男子プロゴルフ界の統合に向けた、PGAツアーとサウジアラビアの政府系ファンド「PIF」との交渉が、新たな局面を迎えています。ESPNの報道によると、PGAツアーのジェイ・モナハン会長、タイガー・ウッズ選手、アダム・スコット選手らが、ワシントンD.C.でホワイトハウス関係者と会談し、合意に向けた連邦政府の支援を要請するとのことです。
統合交渉の現状と課題
PGAツアーとPIFの交渉は、2023年初頭から続けられてきました。同年6月6日には、両者の事業統合に向けた枠組み合意が発表され、12月31日を最終期限として交渉が進められてきました。しかし、20ヶ月が経過した現在も、最終合意には至っていません。

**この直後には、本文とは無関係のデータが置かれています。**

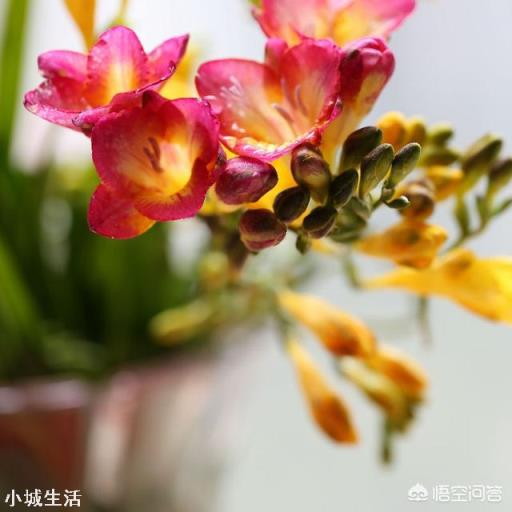香雪兰买回家需要剥皮吗?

この間、PIFが出資するLIVゴルフは、PGAツアーから有力選手を引き抜き、両者の対立は深まっています。また、米国司法省の反トラスト部門が、サウジアラビアの投資について審査を行っていることも、交渉の長期化の一因となっています。
PGAツアーの新たな動き

PGAツアーは、この間に営利部門である「PGAツアーエンタープライズ」を設立。スポーツチームのオーナーや経営者らで構成される「ストラテジック・スポーツ・グループ(SSG)」から、15億ドルの出資を受けました。
タイガー・ウッズの発言

先週末、CBSで放送された2025年ジェネシス招待の際に、タイガー・ウッズは、両者の交渉が「非常に前向きな状況」にあると示唆しました。
モナハン会長の見解
モナハン会長は、「最終合意に至るまで、油断はできない」としながらも、「全てが順調に進んでおり、関係者全員が合意に向けて熱意を持っている」と述べています。
会談の参加者と目的
今回の会談には、PGAツアーの選手理事を務めるウッズ選手とスコット選手、そしてモナハン会長が参加。The Athleticによると、トランプ前大統領とPIFのヤシル・アル・ルマイヤン総裁も参加する予定です。

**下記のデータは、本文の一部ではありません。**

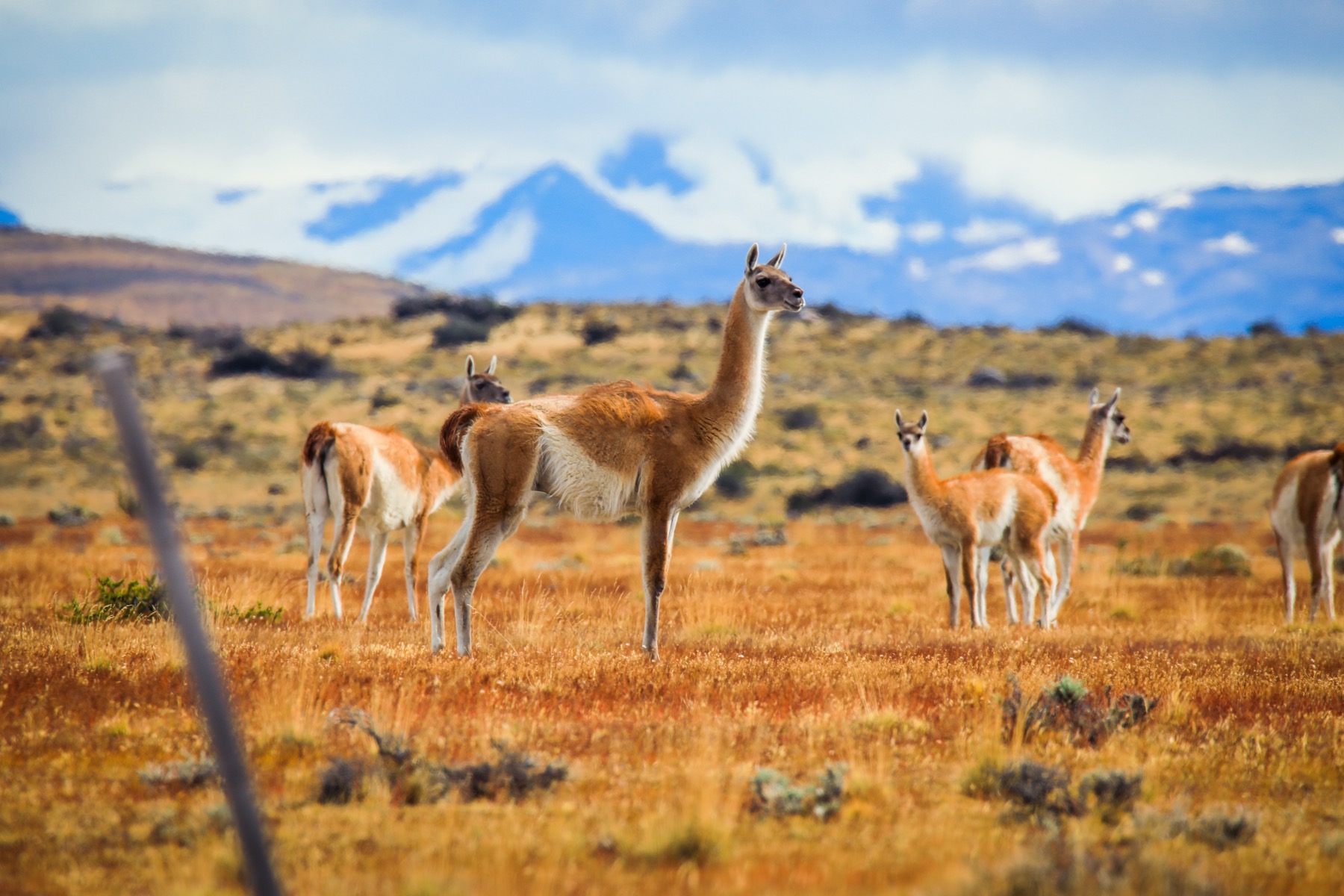 Orange grass in the foreground and blue mountains in the background frame a group of guanacos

PGAツアーの代表者3名は、最近トランプ前大統領と会談したり、ゴルフを共にしたりしており、ゴルフへの造詣が深いトランプ前大統領が、交渉を後押ししてくれることを期待しているようです。
交渉の焦点:PGAツアーの求めるもの

PGAツアーエンタープライズは、PIFから15億ドルの投資を求めています。その目的は、男子ゴルフ界の統合と、トップ選手たちが年間を通して同じトーナメントでプレーできる環境を整えることです。
LIVゴルフの今後
PIFが全面的に出資するLIVゴルフの具体的な扱いについては、まだ明らかになっていません。しかし、PIFは、LIVゴルフが何らかの形で存続することを強く主張しています。
交渉の進捗状況
項目 | 詳細 |
交渉開始時期 | 2023年初頭 |
枠組み合意 | 2023年6月6日 |
当初の最終期限 | 2023年12月31日 |
PGAツアーの動き | PGAツアーエンタープライズ設立、SSGから15億ドルの出資 |
PIFの求めるもの | PGAツアーエンタープライズへの15億ドルの投資、LIVゴルフの存続 |
課題 | LIVゴルフの扱い、米国司法省の審査、PGAツアーとLIVゴルフ間の対立 |
直近の動き | ホワイトハウスでの会談(PGAツアー代表者、トランプ前大統領、PIF総裁ら参加) |
今後の展望
PGAツアーとPIFの統合交渉は、長期間にわたって続いていますが、今回のホワイトハウスでの会談が、交渉の大きな転換点となる可能性があります。男子ゴルフ界の未来を左右する重要な交渉の行方に、引き続き注目が集まります。